Un coup de coeur de Mollat
Certains auteurs aiment à creuser le même sillon. C'est le cas de Franck Bouysse, hanté par les paysages, la campagne, la nature, les lieux. Ne vous y trompez pas, il est bien question ici de roman policier, mais dans le contexte original d'un ancrage terrien - ce qui n'est pas si fréquent en France, il faut le reconnaître…

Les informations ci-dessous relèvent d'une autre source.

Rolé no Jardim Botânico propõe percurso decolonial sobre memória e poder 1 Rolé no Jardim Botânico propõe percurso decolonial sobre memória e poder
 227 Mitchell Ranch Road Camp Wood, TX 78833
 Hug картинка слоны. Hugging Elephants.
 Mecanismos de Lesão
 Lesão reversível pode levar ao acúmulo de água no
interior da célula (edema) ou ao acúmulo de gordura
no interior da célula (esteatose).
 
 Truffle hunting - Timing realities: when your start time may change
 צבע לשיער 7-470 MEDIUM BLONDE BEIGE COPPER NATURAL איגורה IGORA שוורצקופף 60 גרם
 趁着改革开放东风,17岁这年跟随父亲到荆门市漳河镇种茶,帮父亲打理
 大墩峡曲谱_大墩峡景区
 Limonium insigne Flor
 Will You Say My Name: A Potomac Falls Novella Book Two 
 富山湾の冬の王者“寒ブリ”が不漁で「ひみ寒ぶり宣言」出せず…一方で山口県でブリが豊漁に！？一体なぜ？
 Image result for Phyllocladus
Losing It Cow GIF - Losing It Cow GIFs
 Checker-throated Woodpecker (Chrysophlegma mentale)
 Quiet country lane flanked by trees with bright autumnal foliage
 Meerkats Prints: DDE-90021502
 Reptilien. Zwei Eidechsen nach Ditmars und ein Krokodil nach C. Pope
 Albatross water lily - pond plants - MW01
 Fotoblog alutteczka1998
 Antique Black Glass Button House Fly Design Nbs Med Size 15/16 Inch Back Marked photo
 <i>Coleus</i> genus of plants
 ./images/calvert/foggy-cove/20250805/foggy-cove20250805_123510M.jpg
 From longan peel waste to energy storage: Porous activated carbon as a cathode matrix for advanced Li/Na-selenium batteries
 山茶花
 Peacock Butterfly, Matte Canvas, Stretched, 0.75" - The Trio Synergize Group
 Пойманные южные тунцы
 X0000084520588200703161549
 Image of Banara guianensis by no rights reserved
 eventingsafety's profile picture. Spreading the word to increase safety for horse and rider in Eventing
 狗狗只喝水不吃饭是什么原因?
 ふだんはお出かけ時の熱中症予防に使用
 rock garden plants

Votre libraire avait déjà été conquis par Grossir le ciel, son titre précédent (qui vient de paraître en livre de poche, à lire absolument !), cruelle tragédie se déroulant dans un coin paumé des Cévennes. Les premières pages de Plateau, qui vient de paraître, campent le décor du plateau de Millevaches : Les arbres, quand il y en a, on ne sait dans quelle matière ni jusqu'où ils vont puiser le sens de leur vie, dans quelle terre ruissellent leurs racines, sur quel magma la graine a bien pu germer en enfanter, avec l'unique projet de subir le vent, le froid, la neige et parfois la brûlure…
La description et la langue, belle et torturée, augurent de l'ambiance, où les hommes se confrontent à l'hostilité du climat, à la rudesse de la terre. On fait ainsi la connaissance de Karl, qui s'est installé dans la région il y a quelques années, après avoir racheté la ferme du vieux Clovis, mort de froid un hiver. De Virgile, qui est en train de devenir aveugle et qui, entre deux travaux des champs, passe son temps à surveiller Judith, sa femme malade, qui perd la tête de jour en jour. De Georges, leur neveu, qui vit dans une caravane, avec ses failles : la mort de ses parents quand il avait 4 ans, dont il ne s'est jamais remis. D'un mystérieux chasseur qui guette dans l'ombre… L'arrivée de Cory (Coralie), fuyant un mari qui la bat, va venir bouleverser tout ce petit monde. L'auteur fait monter la tension, insidieusement, et construit son histoire sur fond de destins implacables et accablants. On referme le livre avec le sentiment hanté d'avoir lu du grand noir, tragique et puissant.